By Mark Moore
The opportunity to have a true boots-on-the-ground tour of farming operations in other parts of the world is truly the most memorable part of attending any IFAJ Congress. And having participated in several congresses over course of my ag journalism career, each tour stop has left an indelible mark that has expanded my horizon in ways I never thought possible.
Every farm on an IFAJ tour is replete with its own great storyline, and the copy is there for the taking. But there are those tours that simply break the mold. Such was one of my tours on a dairy farm in the Netherlands.
I was attending the dairy portion of the 2018 IFAJ Congress, in part, to get a good feel of what colleagues from around the world wanted in a dairy farm tour. I’m using this information for our committee to help plan the Wisconsin post-congress dairy tour in 2019. And while I focused much of my time talking with colleagues on their perceptions, expectations, likes and dislikes during our time on the bus ride, I was paying keen attention to the on-farm tours, most importantly the questions journalists were asking.

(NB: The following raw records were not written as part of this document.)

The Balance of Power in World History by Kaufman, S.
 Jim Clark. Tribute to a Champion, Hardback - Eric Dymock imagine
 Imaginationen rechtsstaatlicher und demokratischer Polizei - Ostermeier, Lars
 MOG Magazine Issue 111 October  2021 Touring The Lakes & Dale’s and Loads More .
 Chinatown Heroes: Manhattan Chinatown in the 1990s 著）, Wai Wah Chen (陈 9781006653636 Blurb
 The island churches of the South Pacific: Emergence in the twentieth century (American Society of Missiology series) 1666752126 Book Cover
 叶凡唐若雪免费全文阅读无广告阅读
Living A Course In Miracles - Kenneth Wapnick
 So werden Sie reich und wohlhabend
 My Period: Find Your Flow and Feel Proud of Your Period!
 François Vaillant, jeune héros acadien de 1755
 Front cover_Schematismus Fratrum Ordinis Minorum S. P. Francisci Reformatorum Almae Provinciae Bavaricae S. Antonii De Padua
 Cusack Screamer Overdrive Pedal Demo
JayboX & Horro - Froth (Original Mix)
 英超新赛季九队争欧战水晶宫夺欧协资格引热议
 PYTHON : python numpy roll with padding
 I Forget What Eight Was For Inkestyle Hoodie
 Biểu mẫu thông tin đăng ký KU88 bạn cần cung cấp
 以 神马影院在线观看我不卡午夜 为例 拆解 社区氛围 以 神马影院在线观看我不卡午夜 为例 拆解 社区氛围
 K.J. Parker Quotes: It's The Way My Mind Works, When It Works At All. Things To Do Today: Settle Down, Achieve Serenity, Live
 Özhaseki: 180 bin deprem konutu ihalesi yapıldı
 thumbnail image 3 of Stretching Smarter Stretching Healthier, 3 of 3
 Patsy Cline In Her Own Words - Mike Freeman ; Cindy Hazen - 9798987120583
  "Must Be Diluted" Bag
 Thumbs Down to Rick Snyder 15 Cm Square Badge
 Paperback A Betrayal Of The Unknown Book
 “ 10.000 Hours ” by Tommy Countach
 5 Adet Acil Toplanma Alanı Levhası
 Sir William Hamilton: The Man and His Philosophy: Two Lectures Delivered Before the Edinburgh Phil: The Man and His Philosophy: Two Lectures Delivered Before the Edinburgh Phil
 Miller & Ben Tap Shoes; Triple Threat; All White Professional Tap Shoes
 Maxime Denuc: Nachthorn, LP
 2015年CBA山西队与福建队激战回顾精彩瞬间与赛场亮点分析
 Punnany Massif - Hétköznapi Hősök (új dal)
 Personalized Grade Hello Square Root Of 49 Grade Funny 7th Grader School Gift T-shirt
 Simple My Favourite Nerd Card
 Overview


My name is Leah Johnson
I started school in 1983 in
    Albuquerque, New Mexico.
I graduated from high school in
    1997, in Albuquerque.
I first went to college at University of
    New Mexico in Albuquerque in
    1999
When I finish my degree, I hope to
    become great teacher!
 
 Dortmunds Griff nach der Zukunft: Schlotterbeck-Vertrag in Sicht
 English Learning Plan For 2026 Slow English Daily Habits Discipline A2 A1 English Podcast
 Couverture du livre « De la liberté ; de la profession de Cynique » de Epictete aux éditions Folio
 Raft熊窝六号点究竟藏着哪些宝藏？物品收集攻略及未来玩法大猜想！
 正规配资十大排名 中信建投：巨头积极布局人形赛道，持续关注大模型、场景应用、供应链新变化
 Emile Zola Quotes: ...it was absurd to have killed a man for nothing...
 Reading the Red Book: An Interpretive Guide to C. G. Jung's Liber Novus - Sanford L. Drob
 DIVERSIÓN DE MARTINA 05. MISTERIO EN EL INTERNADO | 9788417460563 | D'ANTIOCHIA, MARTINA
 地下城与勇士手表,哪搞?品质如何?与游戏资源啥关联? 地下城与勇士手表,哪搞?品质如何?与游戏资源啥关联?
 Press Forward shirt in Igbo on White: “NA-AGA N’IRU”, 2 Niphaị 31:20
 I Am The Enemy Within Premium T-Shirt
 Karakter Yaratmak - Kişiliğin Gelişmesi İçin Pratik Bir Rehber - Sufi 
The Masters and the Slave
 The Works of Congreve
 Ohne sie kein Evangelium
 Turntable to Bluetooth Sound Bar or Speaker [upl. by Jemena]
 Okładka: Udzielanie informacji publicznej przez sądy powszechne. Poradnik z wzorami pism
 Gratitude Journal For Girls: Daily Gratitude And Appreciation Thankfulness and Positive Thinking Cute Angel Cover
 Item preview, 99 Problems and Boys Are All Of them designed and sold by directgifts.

And then we stopped at the farm of Bartele and Rianne Holtrop.
We first spilled off the bus and were greeted by Bart with an enthusiasm that had him bouncing about making introductions. We sat down, and with white board and marker in hand, Bart began to tell his story, complete with hand-drawn visuals. Class was in session, and I was a willing student.
With 44 hectares (approximately 109 acres) and 100 cows and young stock, Bart and Rianne have developed a dairy system that relies entirely on pasture. Cows are in fields, where they also happened to be milked in what can be described as a portable milking parlor. Grazing year-round is unconventional in the area due to climate, but Bart makes it work.
His goal is to develop a system that’s fully sustainable. And he’s passionate about telling his story.
Questions came quickly, with many asking just how he can make his “system” work. Not batting an eye, Bart was adamant that his system works well, providing him a better milk price (organic, grazing and not de-horning his animals added to the milk check), and his animals are healthy and thriving.
The farm began processing their own milk at a cheese factory in Rouveen, which has increased their return.
“Our goal is to develop an agricultural system that fully cooperates with nature and is absorbed in the character of the environment,” Holtrop said.